Más que ofrecer contenidos, hemos de enseñar a buscarlos y, lo que es más importante, hemos de enseñar a discriminar los hallazgos. No todo lo que da el mar es comestible. Al adiestramiento en el arte de navegar conviene añadir la formación para saber qué coger y qué dejar, atentos siempre a nuestros intereses marineros. Nuestro alumnado pesca (sabe remar y lanzar la caña al mar), pero se despreocupa bastante de discriminar porque sabe que, en otros lugares, la pieza ya está pescada y disponible para ofrecérsela al patrón, quién dará por bueno lo que le den con tal de que, al llegar al puerto, nadie le pueda echar en cara lo vacías que están las bodegas.

Reconozcamos que para interpretar esta metáfora piscatoria no debería hacer falta el uso de las Tecnologías de la Información y la Comunicación. Para atender la mayoría de contenidos que se manejan en las aulas, tampoco. Alguien que sabe algo lo comparte, verifica que su interlocutor ha captado ese algo y valora hasta qué punto ese algo que sabe ahora también lo sabe su destinatario. Punto. En esto consiste la enseñanza. No ha cambiado desde el origen mismo de la especie.
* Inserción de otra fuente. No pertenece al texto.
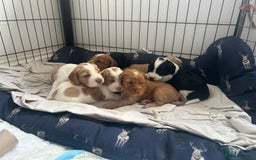 Cocker Spaniel dogs for sale: Baby Cocker Spaniels working type - Image 2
Si algo cambia, quizás todo cambie

Para el curso 2019-2020, el número de días lectivos en las etapas educativas de Infantil, Primaria y ESO en Canarias asciende a 180; en otras palabras, que los discentes de estas etapas pasarán prácticamente la mitad de año en la escuela y la otra mitad fuera de ella. Más equitativo, imposible. Es como si, en medio de un divorcio de mutuo acuerdo (familias, por un lado; por el otro, sistema educativo), se hubiese logrado fijar un convenio regulador para determinar cuánto tiempo tiene que estar el menor con uno y cuánto con el otro. ¿Criticable este fifty-fifty? No. Curioso, en todo caso. Mas no nos detengamos en esto. Sigamos.

Los 180 días en Infantil y Primaria se traducen en 900 horas lectivas; en Secundaria, en 1.080 horas. Lo que cabe preguntarse, lo que me nace preguntar, es por la relación que puede haber entre éxito escolar (con todo lo que ello puede significar) y la cantidad de días lectivos previstos o, en su defecto, el total de horas de permanencia diaria en los centros educativos (cinco en Infantil y Primaria; seis en Secundaria). ¿Más días o más horas nos conducirían a un ansiado éxito que ahora mismo los guarismos administrativos y los impulsos emocionales de los docentes ven lejano? ¿Con menos días y/o menos horas se podría conseguir igualmente? ¿Ir de lunes a jueves a estudiar sería suficiente? ¿Convendría prolongar las jornadas escolares hasta el sábado?

Salvando las distancias que hay entre una y otra, lo cierto es que sigo visualizando una escuela que, en este tipo de organización temporal, no difiere mucho de la que yo padecí en su momento y eso que ya han pasado algunos años de entonces para acá. Cambiamos los menús, pero mantenemos el mismo envase y nuestros comensales siguen siendo malos comedores; y, aunque cambien los cocineros, nos encontramos con que los platos y la cubertería, los manteles y las servilletas, las sillas, las mesas y el entorno siguen siendo los mismos; que el restaurante, por muchas reformas que tengan sus paredes, es en el fondo el mismo; y que no deja de ofrecer lo mismo a las mismas horas y los mismos días.

Sé que es complicado cualquier cambio (una hora menos de clase diaria, un día más a la semana, pasar de los sesenta minutos a los cuarenta y cinco por sesión en Secundaria…), pero algo quizás (quizás, repito) convenga hacer al respecto; o, cuanto menos, empezar a pensar si conviene hacer algo. Los porque sí son cómodos, pero contribuyen a la monotonía y son contrarios a toda percepción de progreso, de avance, de revolución.